The music is somewhat limited, you have some orchestrated music for moments of action or mystery, for example. But what really shines are the moments of silence, after all, there's nothing scarier than the doomy, macabre sound of nothingness. The sound effects play a bigger role, especially to those lucky enough to have a more sophisticated sound system. Voices, grunts, glass scattering, bullet sounds, everything recorded in a faultless manner, but nothing breathtaking as well. A special treatment, not only for sound but graphically as well, goes to explosions. Explosions sound and, most importantly, look awesome. The voice-overs do their job quite well. I think the dialogs could have been a little better written, but they work just fine.

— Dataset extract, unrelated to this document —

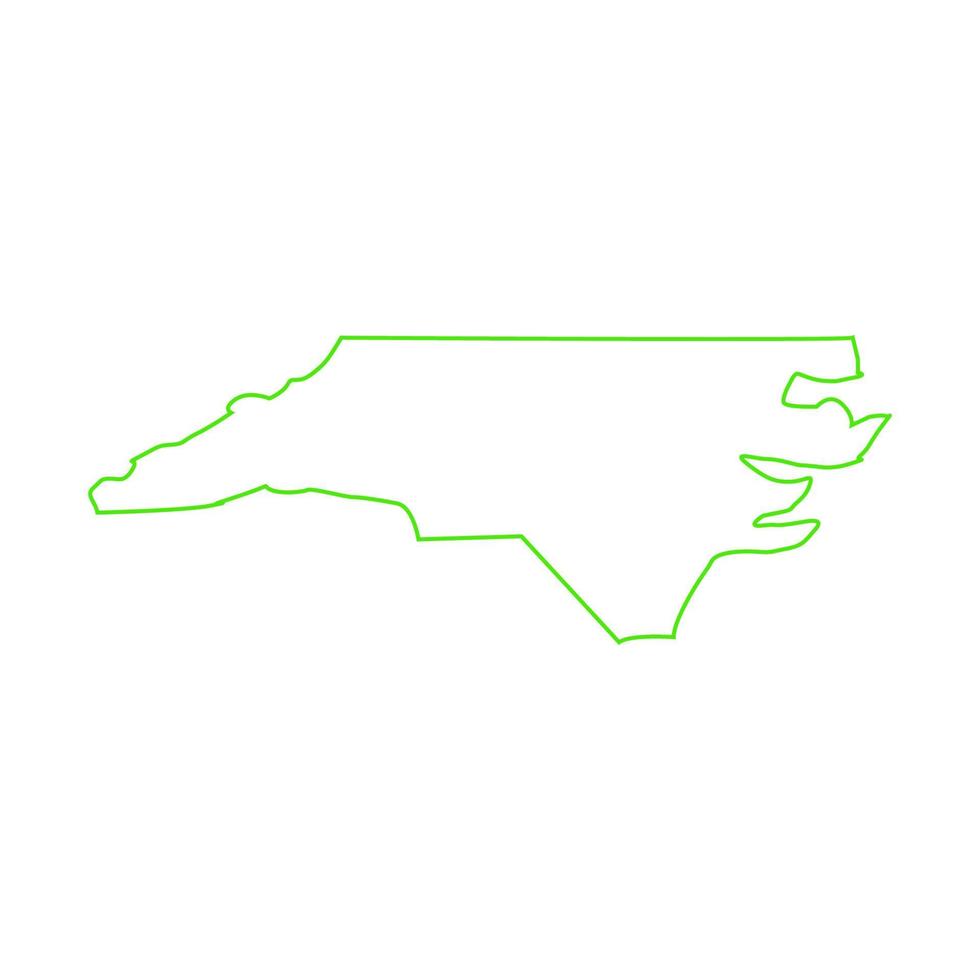 Noord-Carolina kaart geïllustreerd vector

In addition to the main mode you have many other things to do, including an improved mercenaries mode, with more characters and more stages. The basic formula of mercenaries continues the same, each character has it own set of items and guns, you begin the level and try to get as many points as possible by chaining killings. The only noticeable difference is that now you don't simply get the time booster, you need to destroy it; simply come up to one and press the action button to destroy it and get more time. There's also lots and lots of extra stuff, like collectibles, guns, figurines, BSAA emblems, alternative costumes, filters and so on. The filters are funny because they change the overall aesthetic of the game; for instance, with a classic horror filter you get to play the game black and white. So it's safe to say that even after you finish the main game you'll have much to do if you're up to it.
Well, this game shows that the new direction is really what Capcom is heading with the series. Even though not appealing to those looking for horror and gore, the game is absolutely amazing for what it is. Even though it's true that Capcom will have a hard time if they decide to enter the third-person shooter world entirely, as survival horror they were masters, but in third-person shooters Capcom would have a supporting role game with a massive franchise. The story received much more attention than the last installment, and the game mechanics should please both newcomers and long-time fans, not sure if will please those accustomed to other third-person shooters with more dynamic gameplay, especially if it's their first Resident Evil experience, but my guess is that they should be fine. And of course, playing in co-op highly increases the fun you have playing it, but playing solo continues as enjoyable as it can get. This is surely one of the best games this generation has to offer, and is especially a must-have for fans of the series.